The Taltos novels are all named for one of Dragaera’s seventeen noble houses: the Issola are noted for ‘grace, elegance and manners’, but also for the subtle strike. Vlad Taltos, living rough in the northern forest after the events of Orca, is tracked down by none other than the impeccably-groomed Lady Teldra, the Issola chatelaine of his friend Morrolan. This, it transpires, is no mere social visit, but a call to arms.

Morrolan and his cousin Aliera have been captured by the Jenoine, hated former rulers more powerful than gods who are rumoured to have created the Dragaeran race. Vlad Taltos, with the sorcerous assistance of undead Sethra Lavode and the diplomatic skills of Lady Teldra, is determined to rescue his friends. As the quest commences, it rapidly becomes clear that his career as an assassin may not be over after all.

Vlad, returning to a broader social milieu after his time in the literal and figurative wilderness, begins to mellow somewhat from the archetypal wise-guy loner. Perhaps it’s the company he keeps: at any rate, the ice has begun to thaw, and he’s a more sympathetic character than he has been for several volumes. The novel’s final, shocking conflict suggests interesting times ahead for the erstwhile assassin, and more epic themes than the Chandleresque intrigues of earlier novels.

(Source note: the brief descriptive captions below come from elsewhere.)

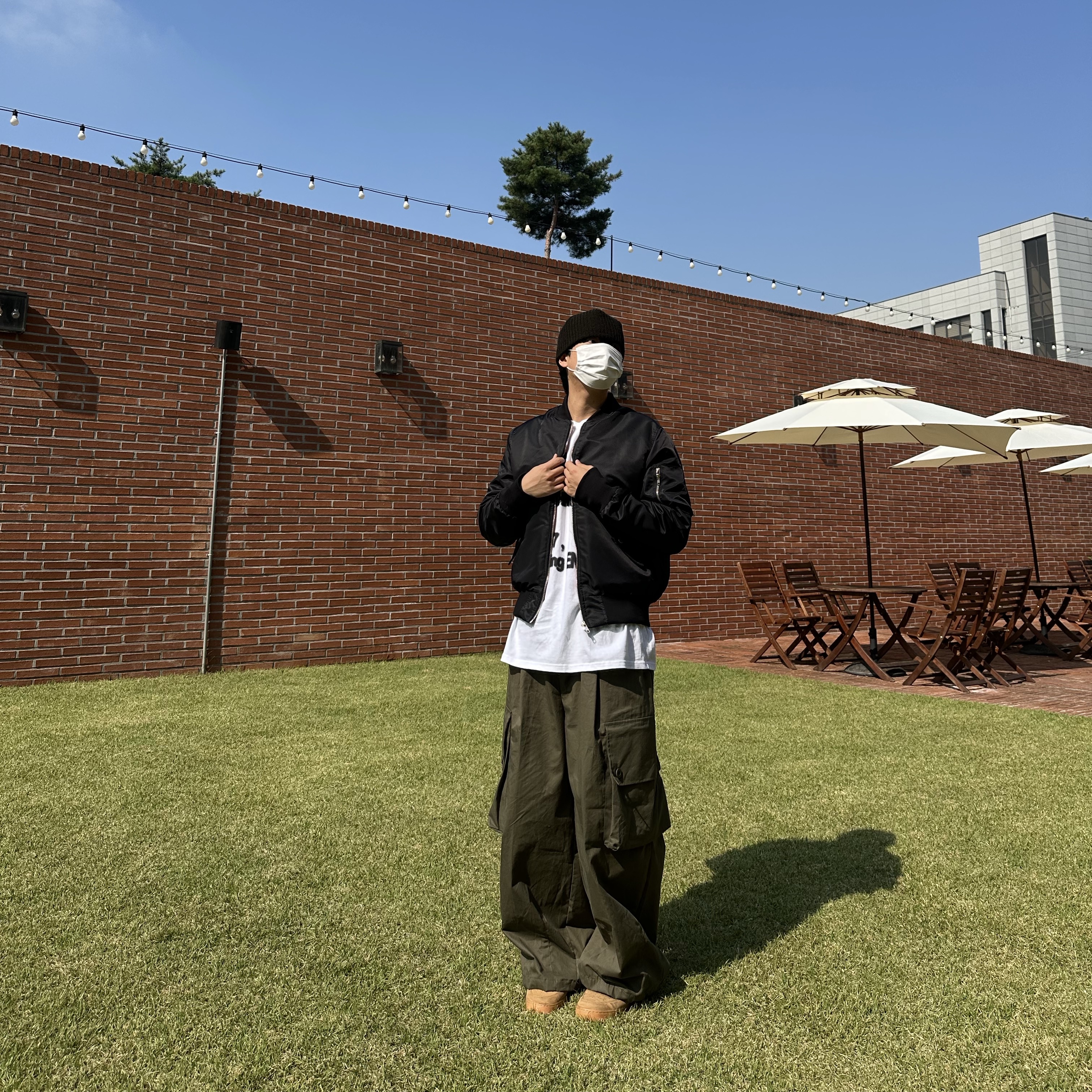 Nike Air Force 1 '07 WB Flax 착용 스타일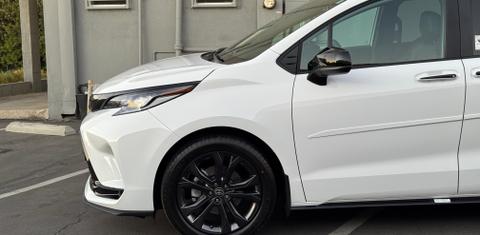 Toyota Sienna 2025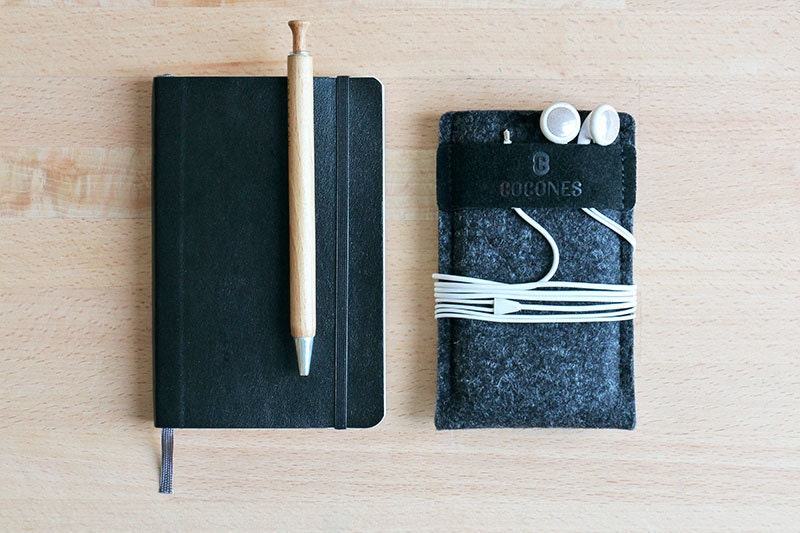 Cocones iPhone 4, iPhone 4S Sleeve / iPhone 4, iPhone 4S Case/ Smokey Grey Felt & Black Suede Leather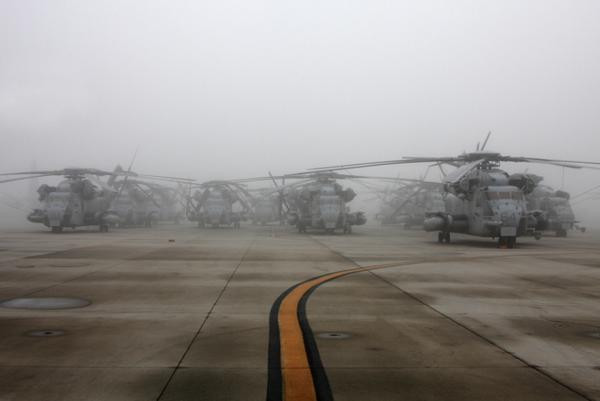 CH-5 Super Stallion cất canhst lần đầu tiên vào năm 1974. Trực thăng hạng nặng CH-53 Super Stallion bắt đầu được đưa vào biên chế cho Lực lượng thuỷ quân lục chiến Mỹ từ năm 1981. CH-5 Super Stallion cất canhst lần đầu tiên vào năm 1974. Trực thăng hạng nặng CH-53 Super Stallion bắt đầu được đưa vào biên chế cho Lực lượng thuỷ quân lục chiến Mỹ từ năm 1981.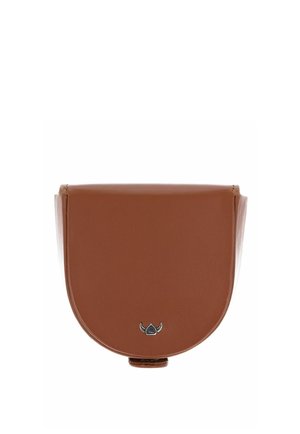 Bolso bandolera de cuero marrón semicírculo con un pequeño emblema negro y plateado centrado cerca de la parte inferior sobre fondo blanco.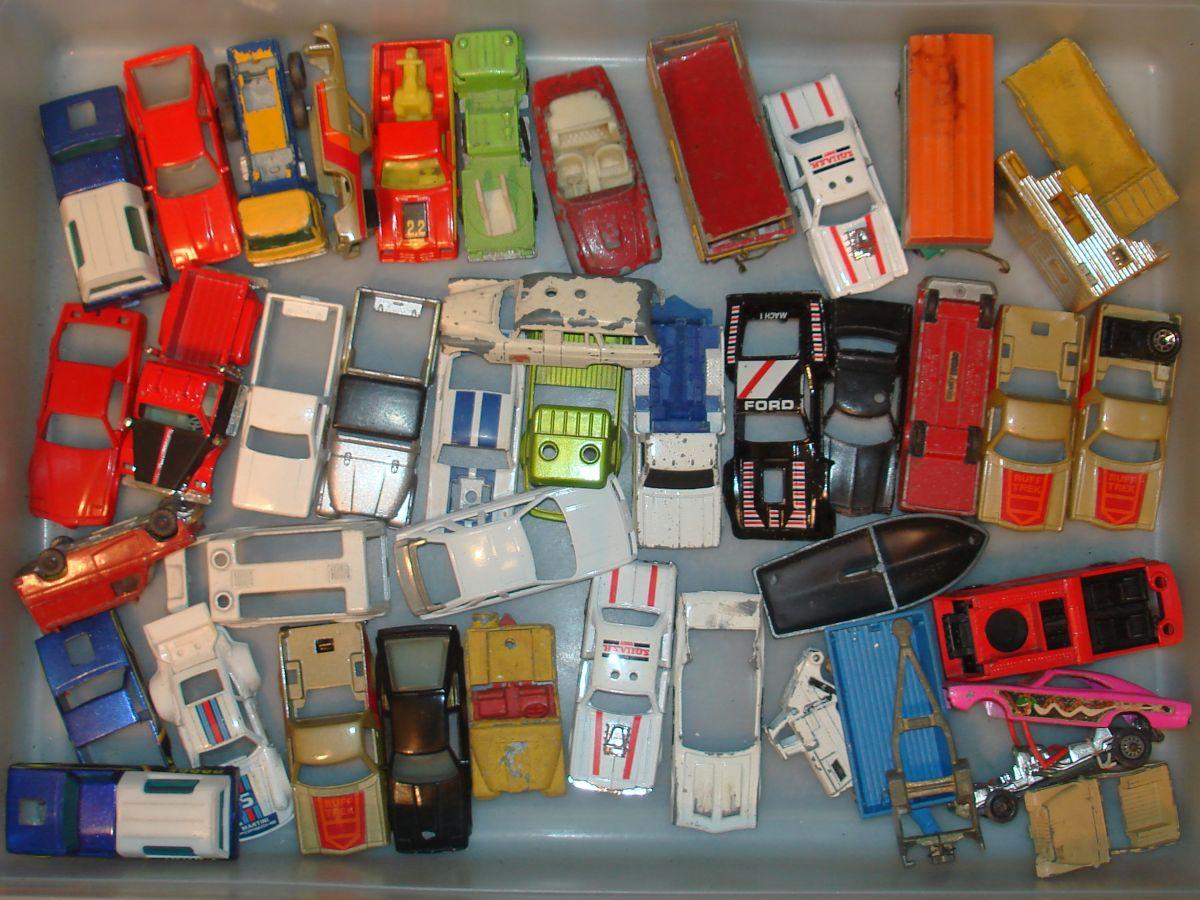 MISCELLANEOUS ANTIQUE COLLECTIBLE DIECAST CARS  TRUCKS FOR SALE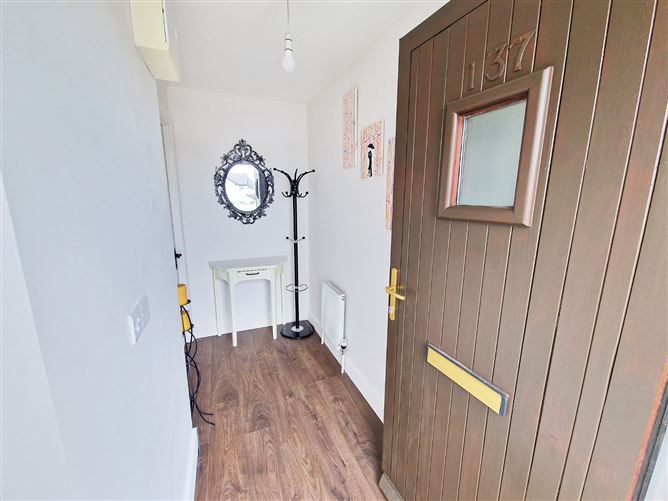 137 Acha Bhile, Lahinch Road, Ennis, Co. Clare
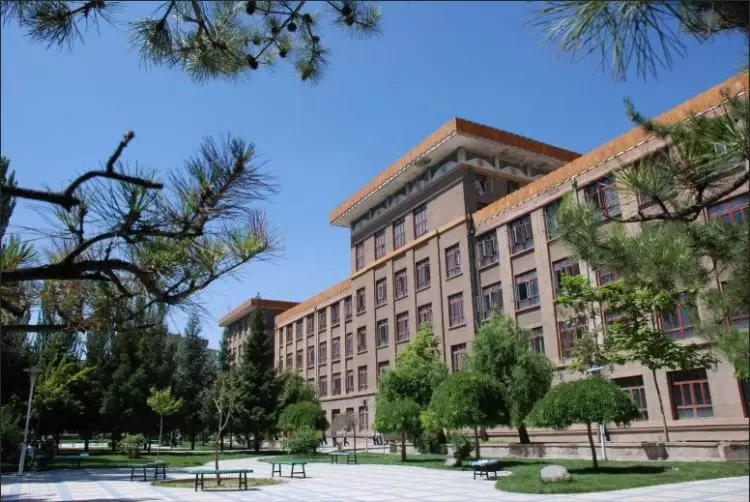 2021 Qinghai Minzu University International Student Enrollment Brochure 2021年青海民族大学来华留学生招生简章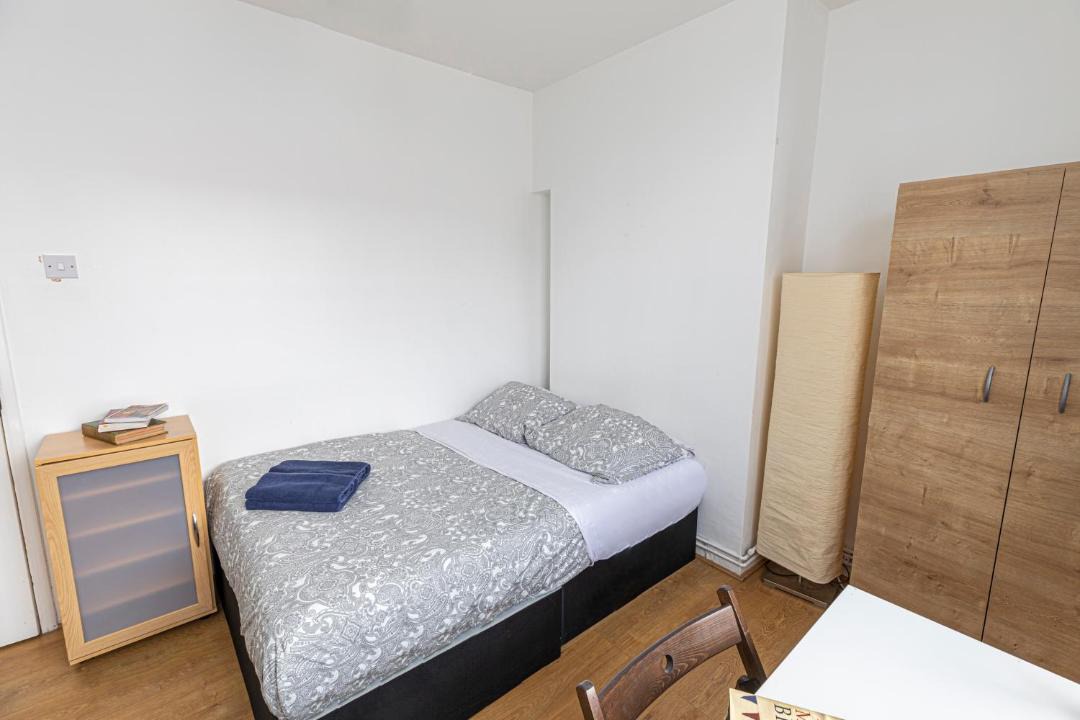 Photo of Bedroom in Shadwell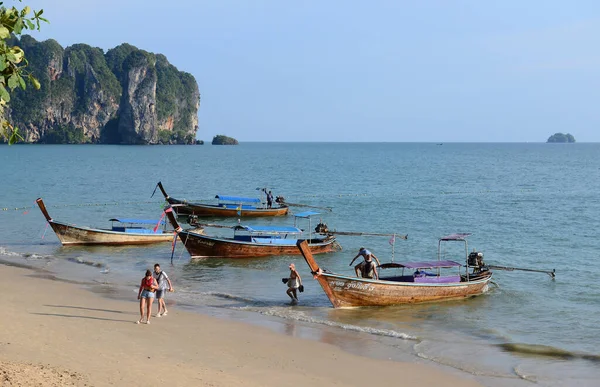 Krabi Tailandia Marzo 2022 Los Turistas Embarcan Largo Barco Playa —  Fotos de Stock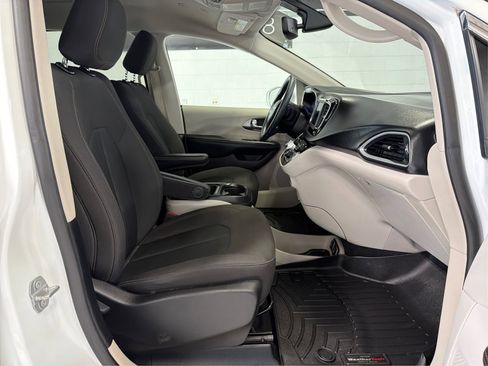 Used 2020 Chrysler Pacifica Touring w/ Tire & Wheel Group image 15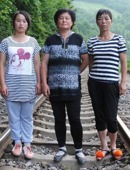 “最美农妇”拦火车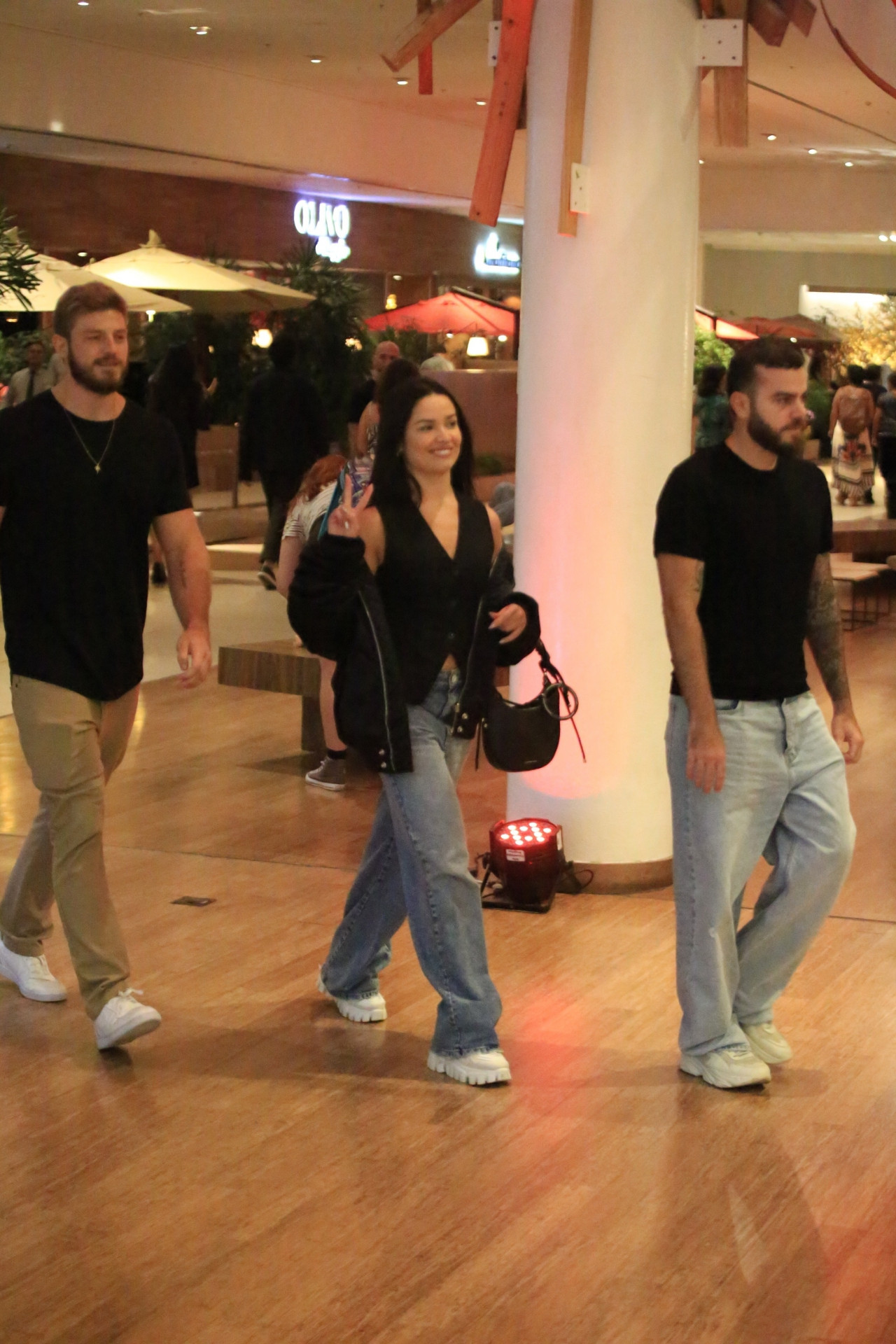 Juliette é clicada ao lado de affair em shopping no Rio - EDDO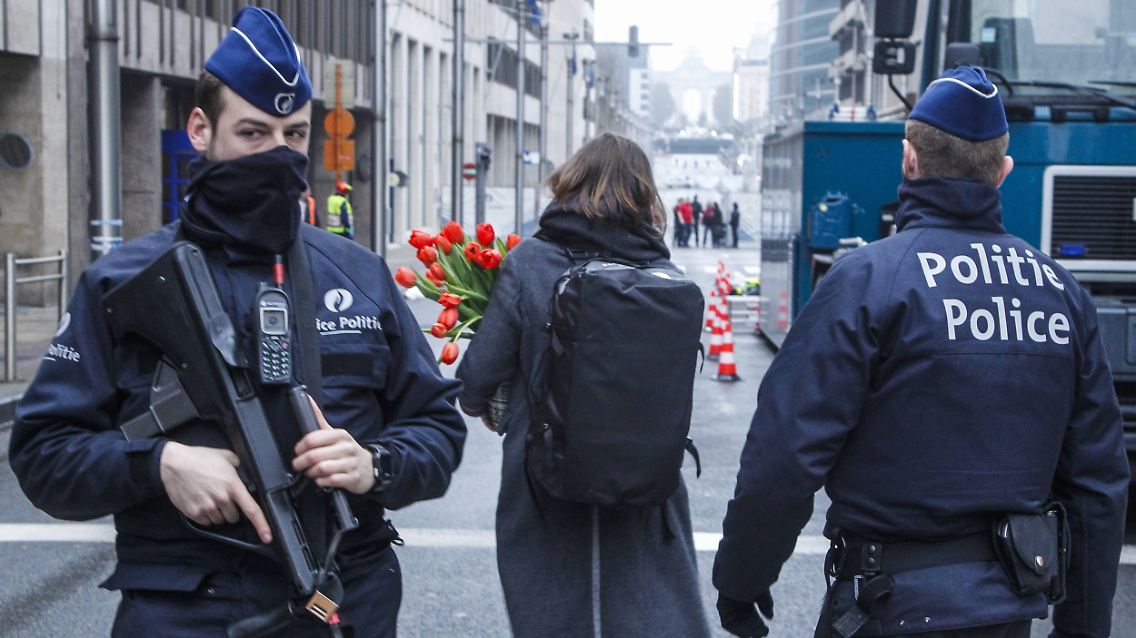 Schwerbewaffnete Polizisten sichern die Metrostation Maelbeek ab.
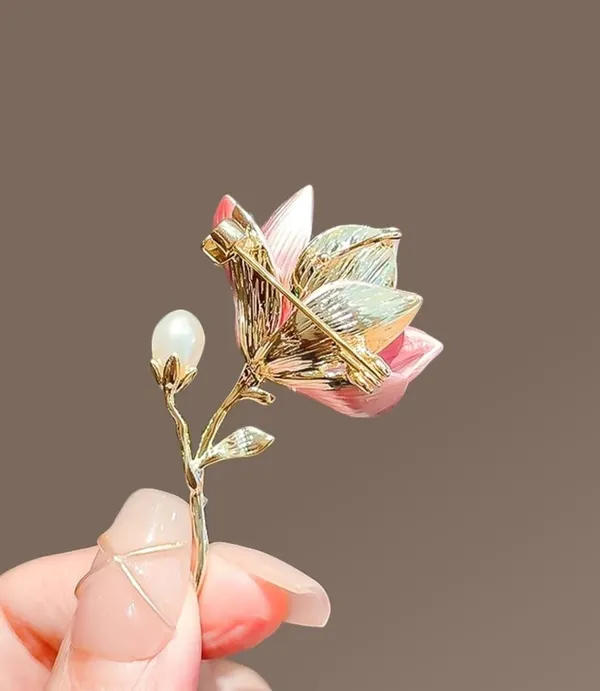 Elegant_Gold_Tone_Flower_Brooch_With_Pearl_And_Enamel_For_Women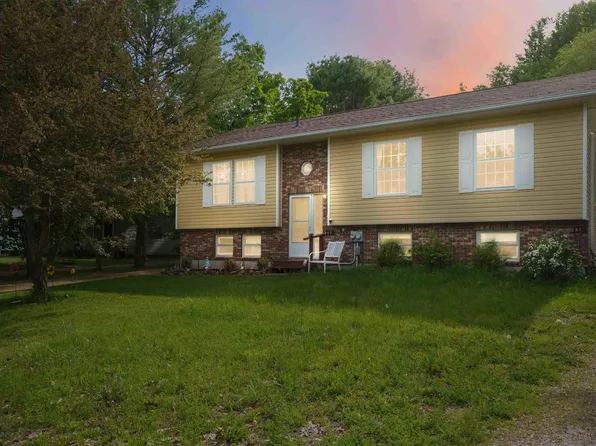 11 Robinson Dr, Berwick, NS B0P 1E0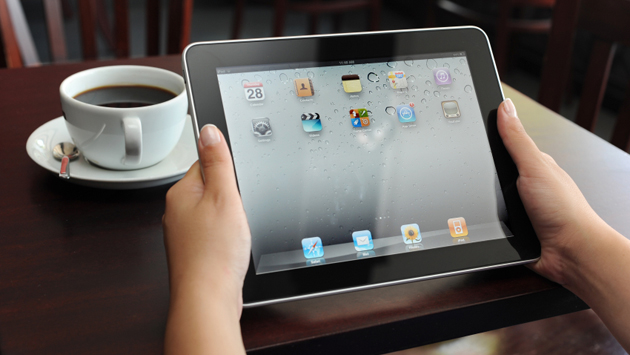 iPad и чашка кофе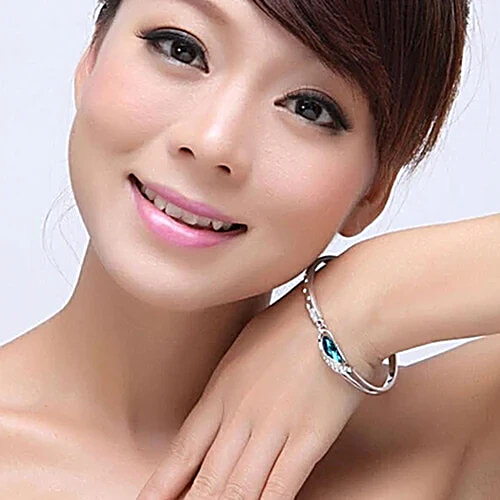 Youbella Stylish Fancy Party Wear Jewellery Silver-Plated Classic Bracelet, 1 pc  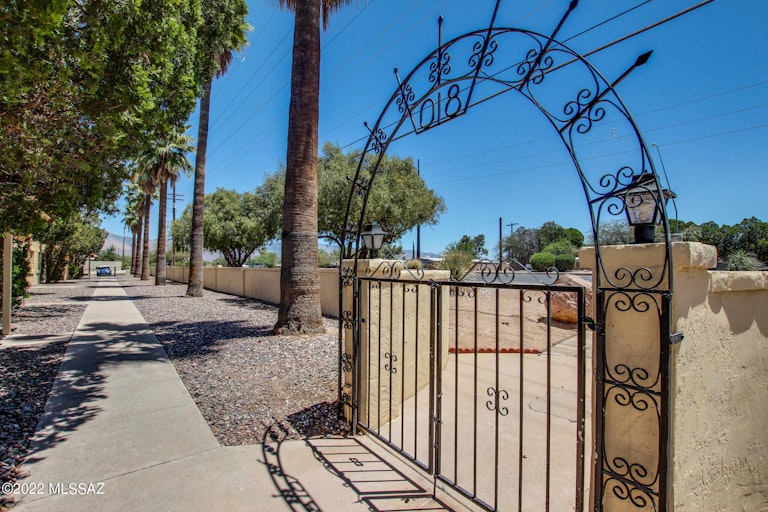 Photo 34 of 40 - 810 S Kolb Rd #64, Tucson, AZ 85710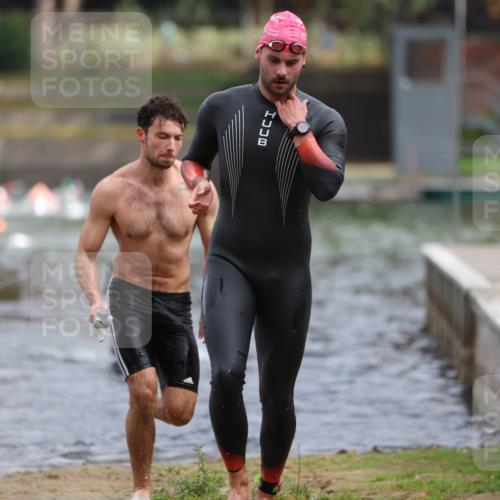 14.09.2025 - Stadtparktriathlon Michael Strokosch http://msf.ph/oto/8863592 14.09.2025 10:31:02 Schwimmen 766, 788, 813 meine-sportfotos.de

In Issola, Brust reveals more about Dragaera than ever before. Apparent inconsistencies in the backstory are clarified, and obscure utterances assume new meaning. The imprisonment of Vlad’s two friends is as plain a case of alien abduction as ever occurred in a fantasy novel. Fantasy? While the setting is certainly fantastical - sorcery, gods and demons, and of course the pointy-eared Dragaerans are elves - this is also a novel of alien invasion, grounded as much in genetic engineering and psychosocial experimentation as in legend, heroism and enchantment. What’s recounted here as ancient history - including some fascinating insights on the role of the gods, and the truth behind the instinctive superiority of Dragaerans - would be the mythology of another, more magically-inclined world.

And, yes, Deverra makes a fleeting appearance.